The world's eyes are again riveted to the Israeli-Palestinian conflict. Dramatic events unfold by the hour as the two sides stand off in a deadly game of chicken.

As usual, there is a stream in international opinion that places all blame for the flare-up on Israel. Israel, goes the contention, provokes terrorism through a range of acts. What Canadian and other western observers rarely acknowledge is that the thing that Israel does that really provokes the terrorists is simply exist.

Since Israel Defence Forces Cpl. Gilad Shalit was kidnapped from his post inside Israel on June 25, the situation has escalated into one of the most dangerous in the past several years. In exchange for the safe return of Shalit, the Hamas terrorists holding him are demanding the release of hundreds of Palestinian "political" prisoners from Israeli jails.
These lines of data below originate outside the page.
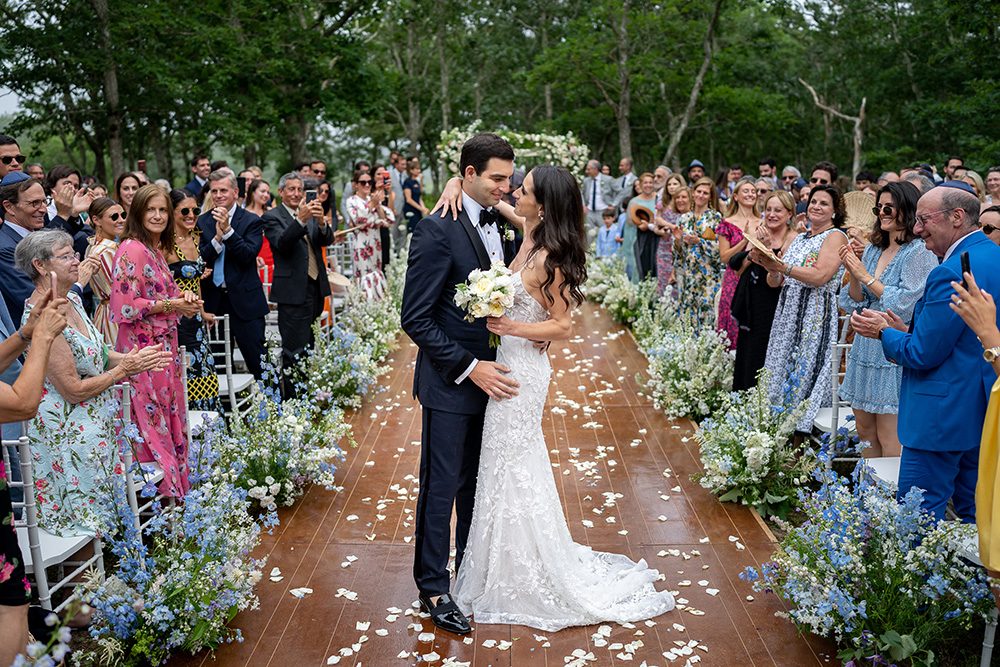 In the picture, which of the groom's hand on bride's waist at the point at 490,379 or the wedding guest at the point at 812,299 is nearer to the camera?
the groom's hand on bride's waist at the point at 490,379

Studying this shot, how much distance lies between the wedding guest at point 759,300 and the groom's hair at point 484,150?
330 cm

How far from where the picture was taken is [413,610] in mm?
4016

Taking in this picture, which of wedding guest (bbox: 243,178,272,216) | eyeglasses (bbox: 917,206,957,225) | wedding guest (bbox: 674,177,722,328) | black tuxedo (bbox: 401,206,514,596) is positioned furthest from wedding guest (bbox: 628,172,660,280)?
black tuxedo (bbox: 401,206,514,596)

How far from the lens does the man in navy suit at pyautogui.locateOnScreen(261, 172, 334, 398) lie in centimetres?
712

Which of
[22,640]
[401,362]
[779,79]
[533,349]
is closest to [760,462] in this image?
[533,349]

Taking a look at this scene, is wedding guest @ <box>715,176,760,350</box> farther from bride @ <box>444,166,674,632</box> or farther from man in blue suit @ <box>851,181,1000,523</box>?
bride @ <box>444,166,674,632</box>

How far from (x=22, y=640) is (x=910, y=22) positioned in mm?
28951

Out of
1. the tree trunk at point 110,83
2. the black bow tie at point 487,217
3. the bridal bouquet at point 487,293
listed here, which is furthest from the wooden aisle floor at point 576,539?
the tree trunk at point 110,83

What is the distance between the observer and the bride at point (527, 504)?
148 inches

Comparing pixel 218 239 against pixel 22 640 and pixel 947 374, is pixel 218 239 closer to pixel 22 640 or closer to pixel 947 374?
pixel 22 640

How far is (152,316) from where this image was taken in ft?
16.4

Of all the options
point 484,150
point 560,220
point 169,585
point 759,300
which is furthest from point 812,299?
point 169,585

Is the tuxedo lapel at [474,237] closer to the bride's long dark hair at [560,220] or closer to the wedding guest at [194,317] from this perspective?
the bride's long dark hair at [560,220]

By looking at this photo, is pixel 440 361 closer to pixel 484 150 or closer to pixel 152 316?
pixel 484 150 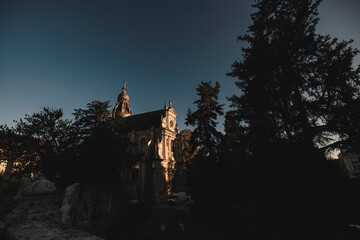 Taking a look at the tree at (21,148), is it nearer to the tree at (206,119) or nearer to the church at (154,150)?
the church at (154,150)

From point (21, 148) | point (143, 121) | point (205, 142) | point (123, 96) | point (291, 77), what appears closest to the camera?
point (291, 77)

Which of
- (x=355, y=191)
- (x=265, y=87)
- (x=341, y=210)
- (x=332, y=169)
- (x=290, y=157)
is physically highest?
(x=265, y=87)

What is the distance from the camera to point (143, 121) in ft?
121

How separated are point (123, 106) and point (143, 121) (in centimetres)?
931

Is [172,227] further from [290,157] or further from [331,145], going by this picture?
[331,145]

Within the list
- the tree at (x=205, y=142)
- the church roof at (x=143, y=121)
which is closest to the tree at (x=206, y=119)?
the tree at (x=205, y=142)

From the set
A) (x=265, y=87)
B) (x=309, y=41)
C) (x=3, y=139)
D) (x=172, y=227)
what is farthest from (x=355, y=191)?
(x=3, y=139)

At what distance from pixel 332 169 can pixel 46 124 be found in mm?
26456

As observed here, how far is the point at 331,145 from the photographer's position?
800 cm

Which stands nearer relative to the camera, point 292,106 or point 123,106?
point 292,106

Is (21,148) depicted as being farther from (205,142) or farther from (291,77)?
(291,77)

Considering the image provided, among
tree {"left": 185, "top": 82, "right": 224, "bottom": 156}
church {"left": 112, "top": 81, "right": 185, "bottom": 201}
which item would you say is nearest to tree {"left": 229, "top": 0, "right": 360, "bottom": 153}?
tree {"left": 185, "top": 82, "right": 224, "bottom": 156}

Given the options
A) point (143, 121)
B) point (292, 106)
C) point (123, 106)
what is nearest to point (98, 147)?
point (292, 106)

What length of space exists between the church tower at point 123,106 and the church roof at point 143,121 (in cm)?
191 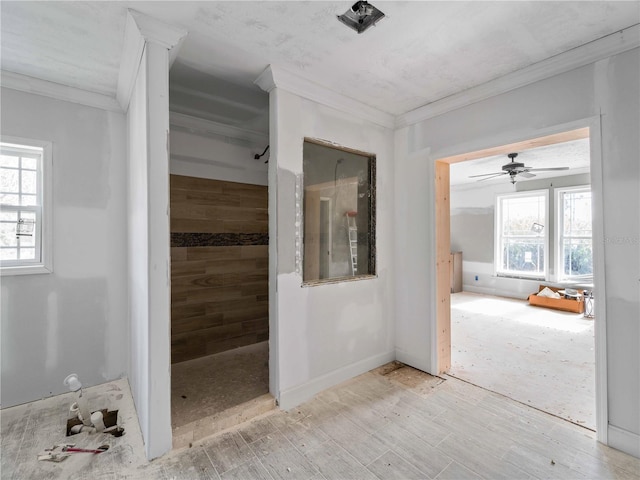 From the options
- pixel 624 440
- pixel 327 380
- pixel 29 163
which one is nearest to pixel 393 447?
pixel 327 380

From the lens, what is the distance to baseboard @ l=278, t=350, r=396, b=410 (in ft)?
8.13

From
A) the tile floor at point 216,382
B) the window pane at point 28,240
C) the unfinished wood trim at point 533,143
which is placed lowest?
the tile floor at point 216,382

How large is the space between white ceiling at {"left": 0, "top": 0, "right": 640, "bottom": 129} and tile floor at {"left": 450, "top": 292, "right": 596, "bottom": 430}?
2.67 metres

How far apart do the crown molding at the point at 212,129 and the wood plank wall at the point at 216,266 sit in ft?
1.77

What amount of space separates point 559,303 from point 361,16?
6.06 meters

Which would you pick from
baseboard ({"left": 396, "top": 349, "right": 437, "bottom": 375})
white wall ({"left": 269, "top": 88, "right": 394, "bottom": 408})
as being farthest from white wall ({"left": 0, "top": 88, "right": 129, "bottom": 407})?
baseboard ({"left": 396, "top": 349, "right": 437, "bottom": 375})

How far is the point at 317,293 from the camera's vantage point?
268 cm

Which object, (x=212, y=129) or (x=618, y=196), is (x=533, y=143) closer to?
(x=618, y=196)

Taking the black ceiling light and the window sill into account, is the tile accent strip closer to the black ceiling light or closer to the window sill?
the window sill

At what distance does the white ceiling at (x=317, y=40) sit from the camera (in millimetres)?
1705

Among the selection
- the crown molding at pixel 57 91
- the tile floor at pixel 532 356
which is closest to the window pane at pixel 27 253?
the crown molding at pixel 57 91

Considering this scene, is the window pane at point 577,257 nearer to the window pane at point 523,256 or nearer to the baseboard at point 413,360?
the window pane at point 523,256

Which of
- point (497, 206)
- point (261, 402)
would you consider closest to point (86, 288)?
point (261, 402)

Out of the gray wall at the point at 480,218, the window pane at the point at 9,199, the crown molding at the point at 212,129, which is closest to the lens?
the window pane at the point at 9,199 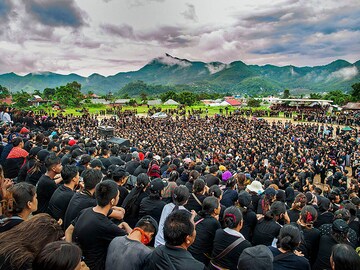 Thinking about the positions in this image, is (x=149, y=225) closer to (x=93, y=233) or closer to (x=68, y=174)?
(x=93, y=233)

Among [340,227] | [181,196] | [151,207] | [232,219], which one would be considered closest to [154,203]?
[151,207]

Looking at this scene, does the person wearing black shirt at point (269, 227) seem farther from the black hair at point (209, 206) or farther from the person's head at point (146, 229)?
the person's head at point (146, 229)

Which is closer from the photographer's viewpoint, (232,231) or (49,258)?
(49,258)

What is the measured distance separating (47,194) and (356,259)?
3.79 m

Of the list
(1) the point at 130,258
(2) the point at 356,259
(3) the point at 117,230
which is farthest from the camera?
(3) the point at 117,230

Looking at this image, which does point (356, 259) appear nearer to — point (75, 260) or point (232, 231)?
point (232, 231)

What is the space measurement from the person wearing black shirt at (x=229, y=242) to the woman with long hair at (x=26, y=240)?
172cm

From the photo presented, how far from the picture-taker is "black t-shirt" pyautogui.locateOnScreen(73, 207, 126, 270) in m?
2.51

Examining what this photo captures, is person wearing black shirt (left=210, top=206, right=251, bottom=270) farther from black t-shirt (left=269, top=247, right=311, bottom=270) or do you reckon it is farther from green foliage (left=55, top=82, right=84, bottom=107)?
green foliage (left=55, top=82, right=84, bottom=107)

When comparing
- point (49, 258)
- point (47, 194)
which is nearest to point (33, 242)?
point (49, 258)

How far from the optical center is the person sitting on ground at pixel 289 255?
276 cm

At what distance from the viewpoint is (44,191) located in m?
3.87

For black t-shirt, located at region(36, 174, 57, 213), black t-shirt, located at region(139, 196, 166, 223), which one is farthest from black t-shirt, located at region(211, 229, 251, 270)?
black t-shirt, located at region(36, 174, 57, 213)

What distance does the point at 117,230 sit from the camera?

Khaled Mashaal, a leading figure in Hamas, has said that Shalit will be viewed as and treated as a prisoner of war. If we could be sure that he would – meaning that Geneva Conventions for the treatment of captured soldiers would be respected – it would be a positive signal. What the Hamas leader clearly meant, of course, was nothing of the sort. He intended his comments to be interpreted by the world as a statement that the kidnapping of Shalit is a legitimate act by one side in a conventional war with rules of engagement.

Something that Canadian and other observers must reject forcefully is the assertion of the Hamas leadership that Shalit is a prisoner of war. There is no equanimity between the IDF soldier and the hundreds of terrorists whom Hamas is demanding be released from Israeli prisons. Though the international community frequently holds Israel to a wildly different standard than it does other entities, this is a case where the very foundation of justice and international law depends on recognizing the difference.

Israeli Prime Minister Ehud Olmert has made the difficult but unequivocally correct choice to engage in no negotiations with terrorists who are holding hostage one of his citizens. To do otherwise would be to drink the seawater of capitulation. To begin down such a path is an irreversible journey that would induce an endless round of kidnappings and increased – not reduced – terrorism.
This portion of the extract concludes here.